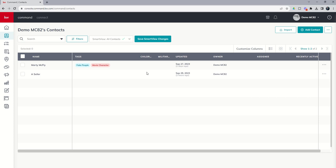This is going to be important tomorrow when we do talk about that CSV import. We can actually import data from a column of data that we don't necessarily have right now in command by creating a custom field in advance of that import. So stay tuned for that tomorrow. As always, look forward to talking to you again real soon.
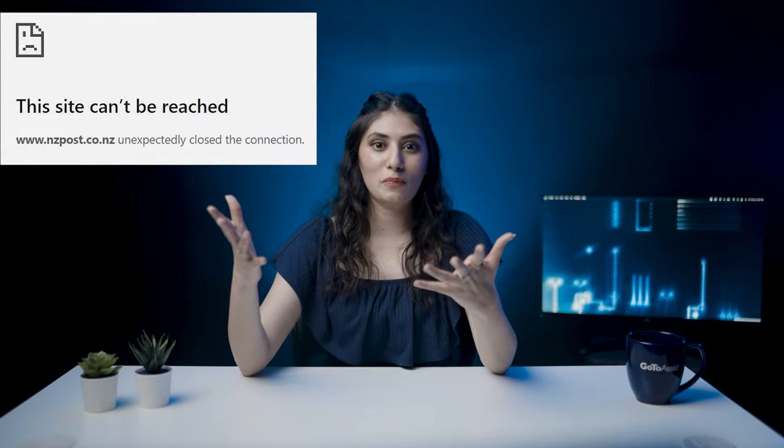Site can't be reached, oh my god! Don't worry, the fixes for it are very simple and straightforward. So let's get started.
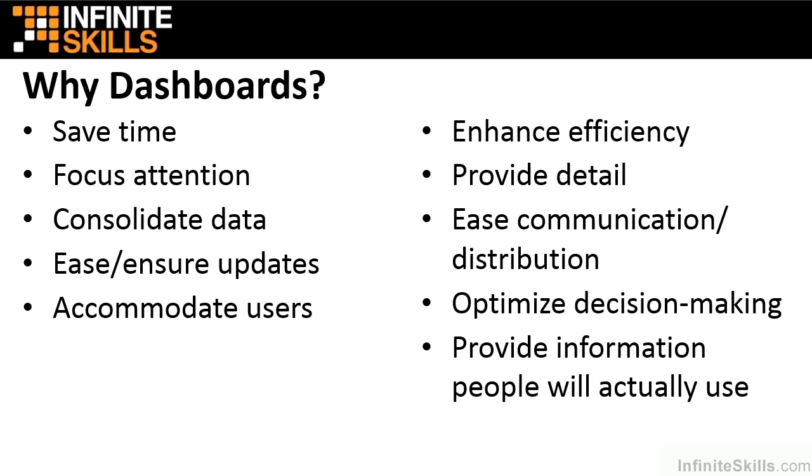If any one of these things is important to you, you should consider using dashboards. My guess is that several, if not all, ten of them are important. So throughout this series, we'll be focusing on how to design, create, and distribute dashboards so that you can leverage these benefits for yourself.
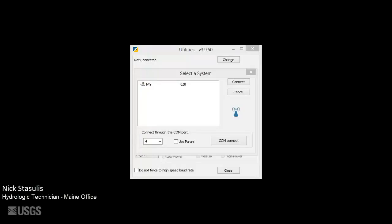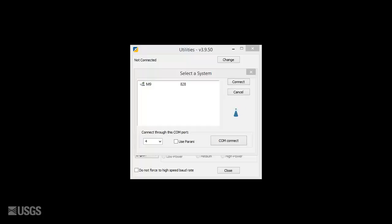Hi, my name is Nick Stasoulis and I work with the main office of the New England Water Science Center. In this video we will briefly review how to enable the River Surveyor Stationary Live software for field operation, enabling it for use.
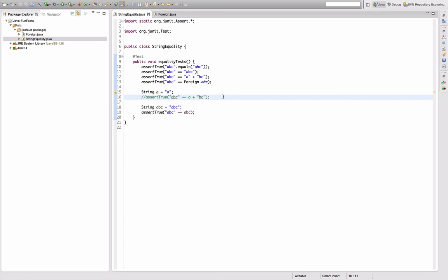What you should take out of this: always use the equals operator if you want to compare strings. But if you want to confuse some people, then I'm pretty sure you can pick one of those examples, or multiple of them, and confuse most of the people. At least this confused me.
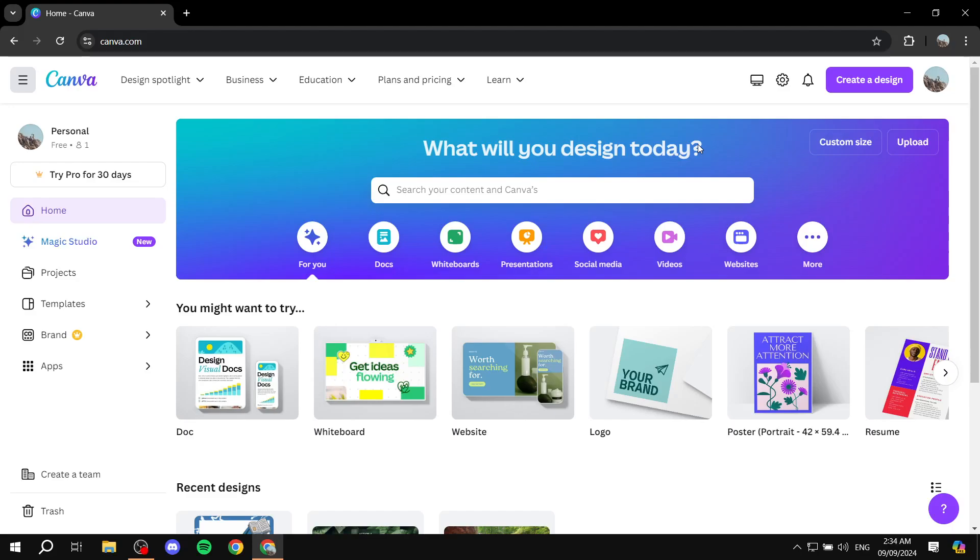How to make a back-to-back brochure in Canva. Hey everyone, welcome. I hope you're all doing great.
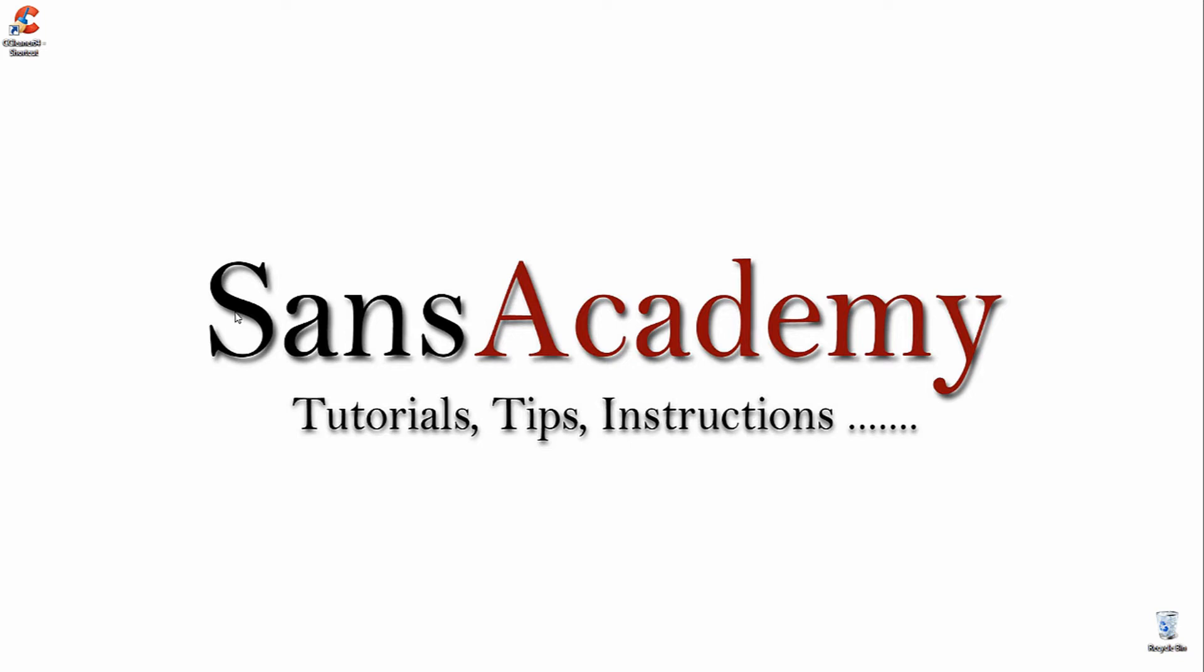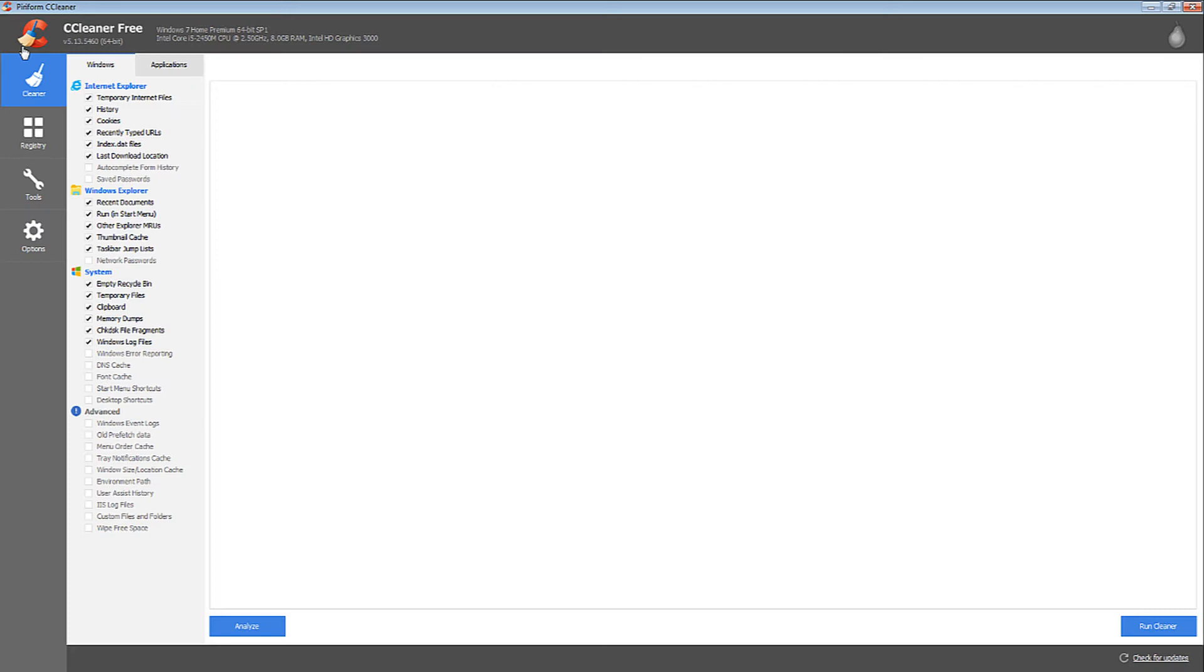After downloading and installing CCleaner, double-click the icon. After that, you can select the places where you want to delete the history.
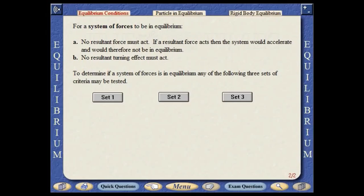For a system of forces to be in equilibrium, no resultant force must act. If a resultant force acts, then the system would accelerate and would therefore not be in equilibrium. Also, no resultant turning effect must act. To determine if a system of forces is in equilibrium, any of the following three sets of criteria can be tested.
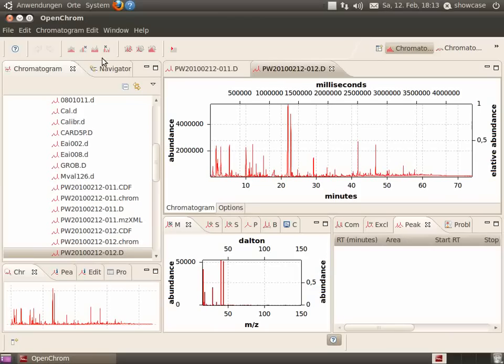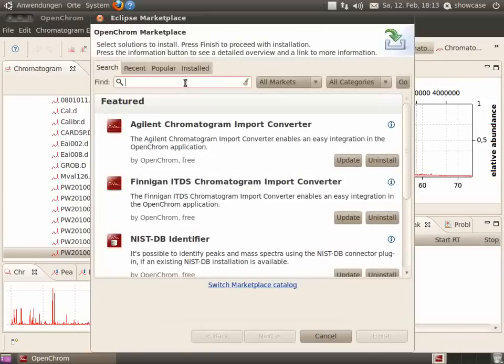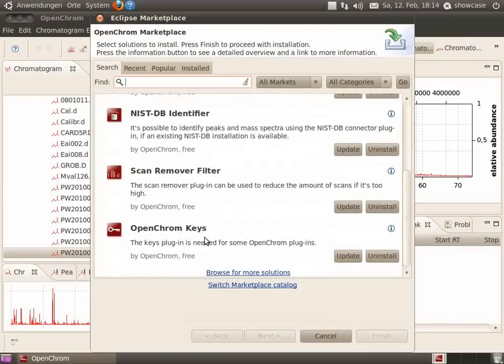Marketplace. New plugins can be installed using the OpenChrom marketplace. You can see an Agilent chromatogram import converter, a Finnigan ITDS converter, a NIST DB identifier, and a scan removal filter. But the OpenChrom keys need to be installed first.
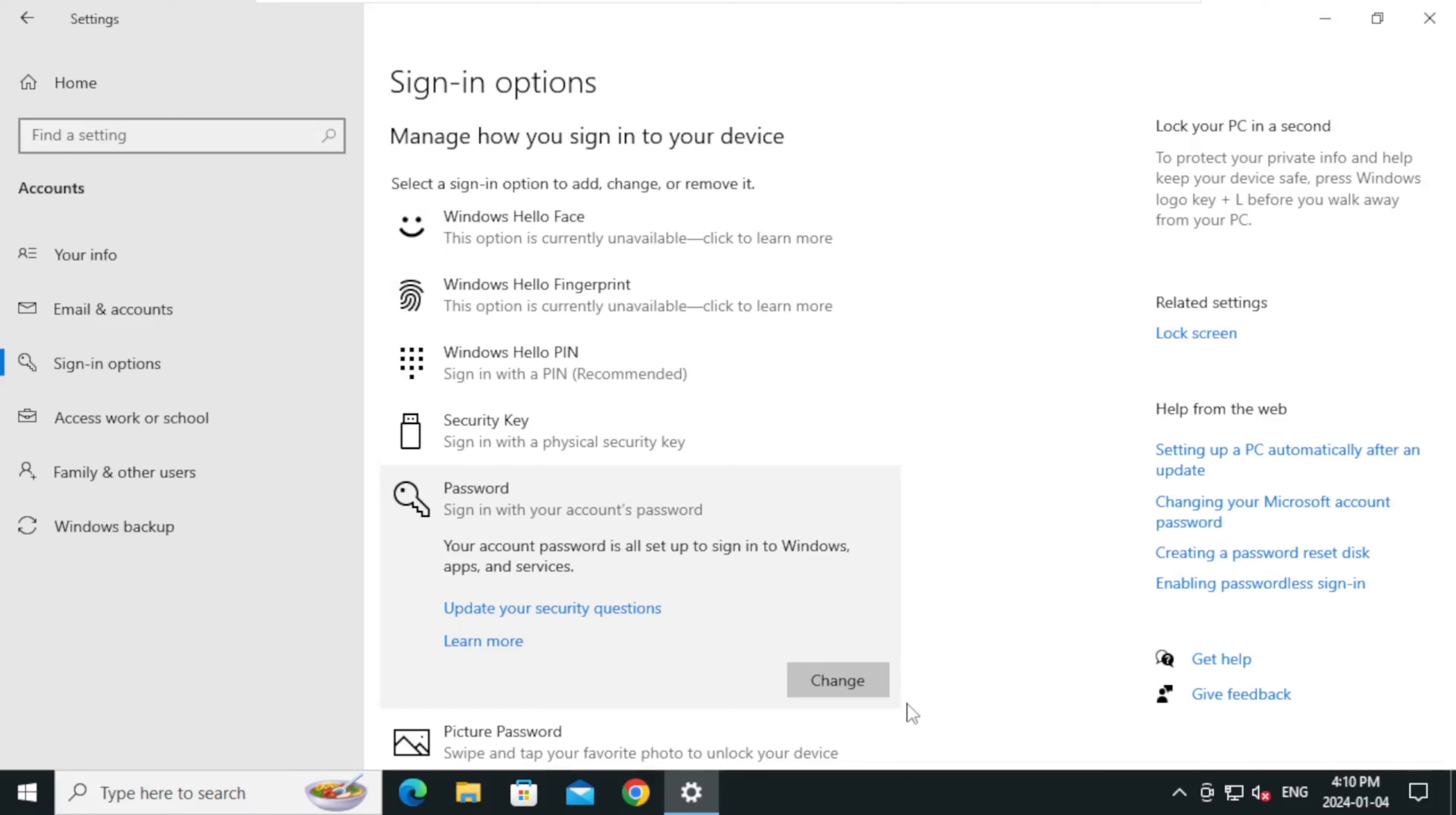And my friends, we successfully changed our password on Windows 10. If you like the video, please like and subscribe. Thanks for watching the video.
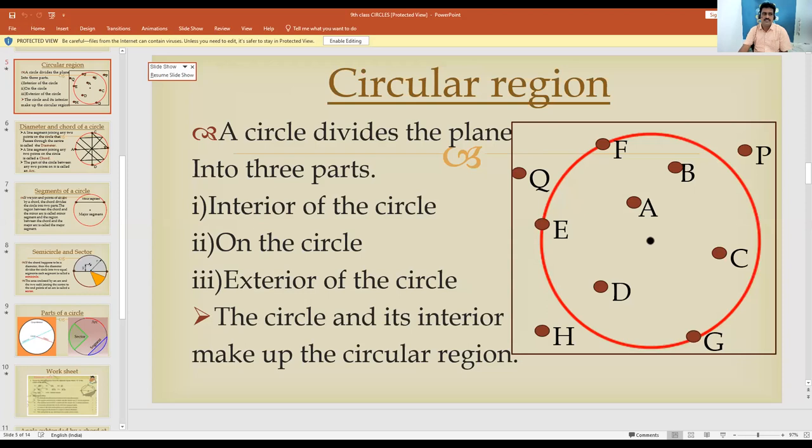Hi students, good morning! Welcome to math class. This is Srinivas from ZPHS. In a previous session we discussed the circles chapter from your ninth class textbook. Today we are going to continue to the next concepts. Previously we discussed the circle, radius, center of the circle, and concentric circles.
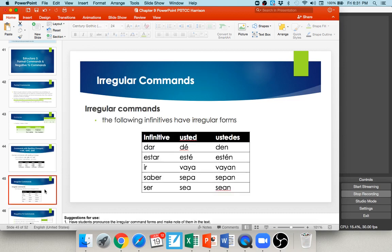There are several irregular commands you just have to memorize. Dar becomes dé (usted) / den (ustedes). Estar becomes esté / estén. Ir becomes vaya / vayan. Saber becomes sepa / sepan. Ser becomes sea / sean. To make any of these negative, simply add a no in front.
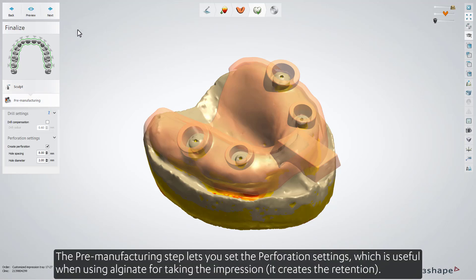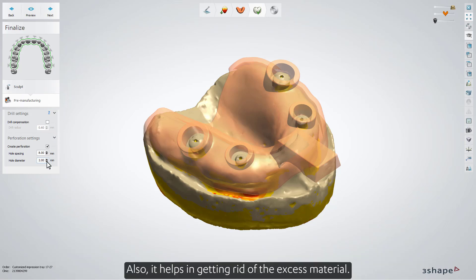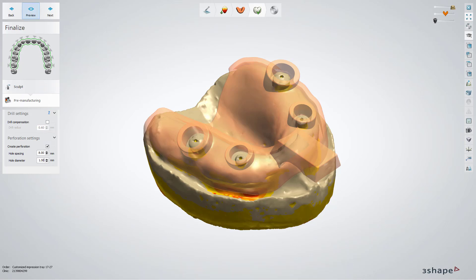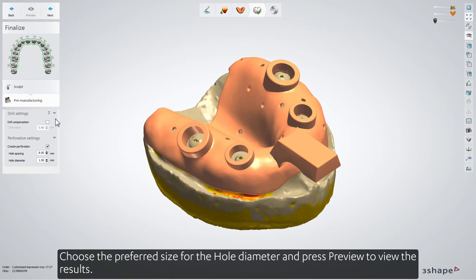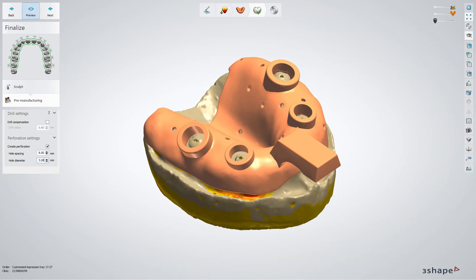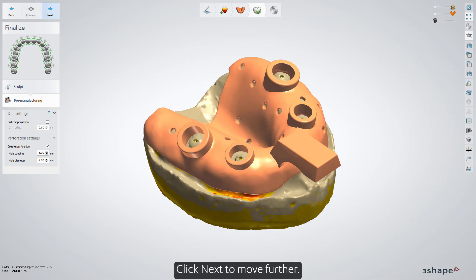The pre-manufacturing step lets you set the perforation settings, which is useful when using Alginate for taking the impression. It creates the retention and helps in getting rid of the excess material. Choose the preferred size for the hole diameter and press Preview to view the results. Click Next to move further.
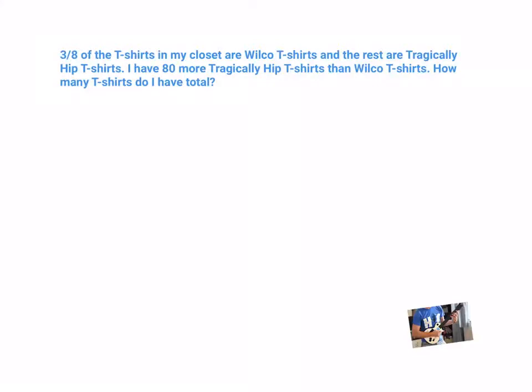Hi everyone. Another fractions bar model problem here. Here we go. 3 eighths of the t-shirts in my closet are Wilco t-shirts, and the rest are Tragically Hip t-shirts. I have 80 more Tragically Hip t-shirts than Wilco t-shirts. How many t-shirts do I have total?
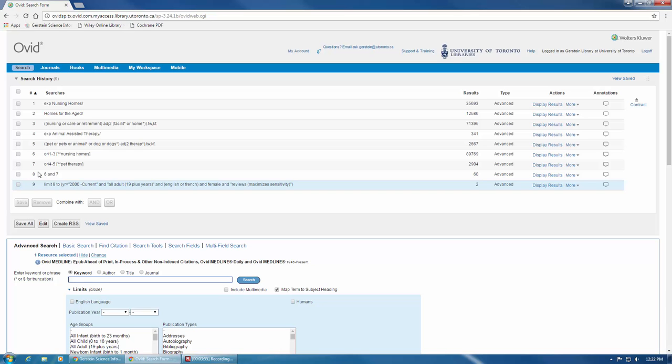For questions on the other filters available in MEDLINE, please contact a Gerstein librarian at ask.gerstein@utoronto.ca.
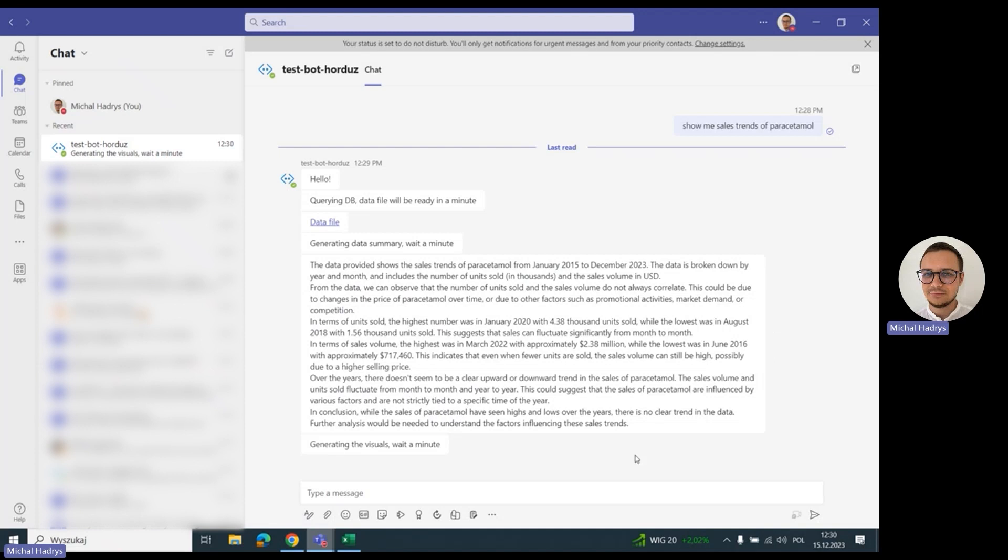Now the bot is generating the visuals. The bot also sends the data to the Azure OpenAI GPT model to discover the best type of diagram to show the data. Then it sends another request to GPT to generate code for creating such diagram. Then the code is executed, the image is generated and saved into a file, shown in Teams, and sent to us as a link.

Exercise aim
In your answer, set down the full listing word for word and include no pictures.

Answer to this exercise
This is going to be important tomorrow when we do talk about that CSV import. We can actually import data from a column of data that we don't necessarily have right now in command by creating a custom field in advance of that import. So stay tuned for that tomorrow. As always, look forward to talking to you again real soon.
Site can't be reached, oh my god! Don't worry, the fixes for it are very simple and straightforward. So let's get started.
If any one of these things is important to you, you should consider using dashboards. My guess is that several, if not all, ten of them are important. So throughout this series, we'll be focusing on how to design, create, and distribute dashboards so that you can leverage these benefits for yourself.
Hi, my name is Nick Stasoulis and I work with the main office of the New England Water Science Center. In this video we will briefly review how to enable the River Surveyor Stationary Live software for field operation, enabling it for use.
What you should take out of this: always use the equals operator if you want to compare strings. But if you want to confuse some people, then I'm pretty sure you can pick one of those examples, or multiple of them, and confuse most of the people. At least this confused me.
How to make a back-to-back brochure in Canva. Hey everyone, welcome. I hope you're all doing great.
After downloading and installing CCleaner, double-click the icon. After that, you can select the places where you want to delete the history.
For a system of forces to be in equilibrium, no resultant force must act. If a resultant force acts, then the system would accelerate and would therefore not be in equilibrium. Also, no resultant turning effect must act. To determine if a system of forces is in equilibrium, any of the following three sets of criteria can be tested.
Marketplace. New plugins can be installed using the OpenChrom marketplace. You can see an Agilent chromatogram import converter, a Finnigan ITDS converter, a NIST DB identifier, and a scan removal filter. But the OpenChrom keys need to be installed first.
And my friends, we successfully changed our password on Windows 10. If you like the video, please like and subscribe. Thanks for watching the video.
Hi students, good morning! Welcome to math class. This is Srinivas from ZPHS. In a previous session we discussed the circles chapter from your ninth class textbook. Today we are going to continue to the next concepts. Previously we discussed the circle, radius, center of the circle, and concentric circles.
There are several irregular commands you just have to memorize. Dar becomes dé (usted) / den (ustedes). Estar becomes esté / estén. Ir becomes vaya / vayan. Saber becomes sepa / sepan. Ser becomes sea / sean. To make any of these negative, simply add a no in front.
The pre-manufacturing step lets you set the perforation settings, which is useful when using Alginate for taking the impression. It creates the retention and helps in getting rid of the excess material. Choose the preferred size for the hole diameter and press Preview to view the results. Click Next to move further.
Hi everyone. Another fractions bar model problem here. Here we go. 3 eighths of the t-shirts in my closet are Wilco t-shirts, and the rest are Tragically Hip t-shirts. I have 80 more Tragically Hip t-shirts than Wilco t-shirts. How many t-shirts do I have total?
For questions on the other filters available in MEDLINE, please contact a Gerstein librarian at ask.gerstein@utoronto.ca.
Now the bot is generating the visuals. The bot also sends the data to the Azure OpenAI GPT model to discover the best type of diagram to show the data. Then it sends another request to GPT to generate code for creating such diagram. Then the code is executed, the image is generated and saved into a file, shown in Teams, and sent to us as a link.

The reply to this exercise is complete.